Double leaders are tricky. If it is an older tree, and the crotch angle is U shaped and strong, then just leave it. Trees do not have to have only one strong leader, they can have two. But if it still a young tree, and the leaders are thin and not yet really developed, and you want to nip one of them, then go ahead.


Spurs. Once, a beginning gardener was asked to prune an apple tree in the springtime. He thought it was no big deal even though he had never done it before. He did not even ask for advice or look it up in a book or use the internet. He just went for it. He finished pruning and it looked real good. Most of the year went by. Then the client called to ask why there was no apples at all this year. Gardener felt a little bad, shrugged, and went to look up what spur wood looked like…


Here is a Magnolia tree that has been topped. What do you think? Does it look okay? Why would you top a tree? Did you know it is technically illegal to prune in this manner? And that you can be fined hundreds of dollars?

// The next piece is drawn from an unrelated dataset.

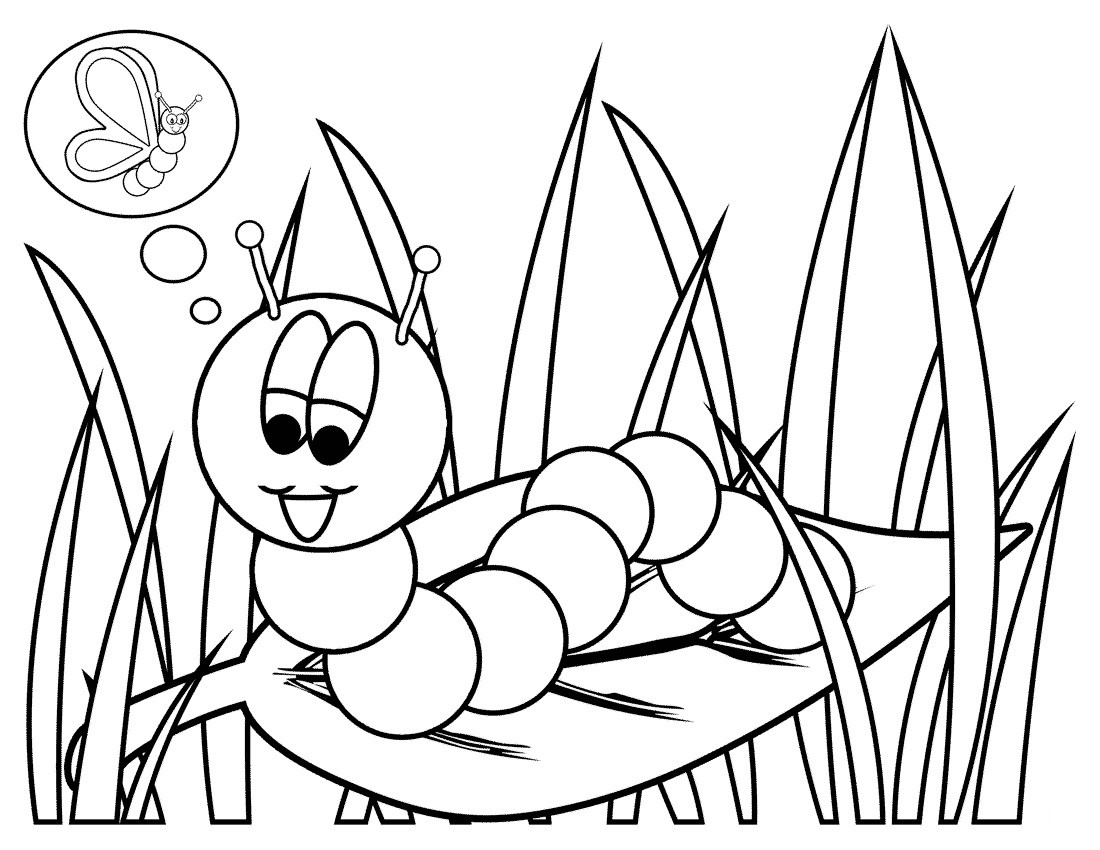 Coloring Books For Kids
 Free Printable Caterpillar Coloring Pages For Kids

The three cut method is still a good and valid way to prune larger limbs off a tree. Only change in recent years is this: On the second cut, prune it right to the undercut, not a little aways like in the illustration. Straight shot to the cut, not letting it snap where the cuts are separated.


Couple of changes here. New standards recommend no fertilizer for the first year or so. Let the tree get used to the site first. And the backfill – use all the same local native soil you dug and excavated, not a 50/50 mix of native soil and organic matter. The logic and theory is that the tree will adapt and do best in the stuff it has to live in, not some compost leafy barky organic matter that is going to decompose and let the root ball subsides and sink deeper. This way the trunk base – soil interface does not get covered with dirt and soil and moisture and rot. Better to plant the tree a tiny bit high rather than low.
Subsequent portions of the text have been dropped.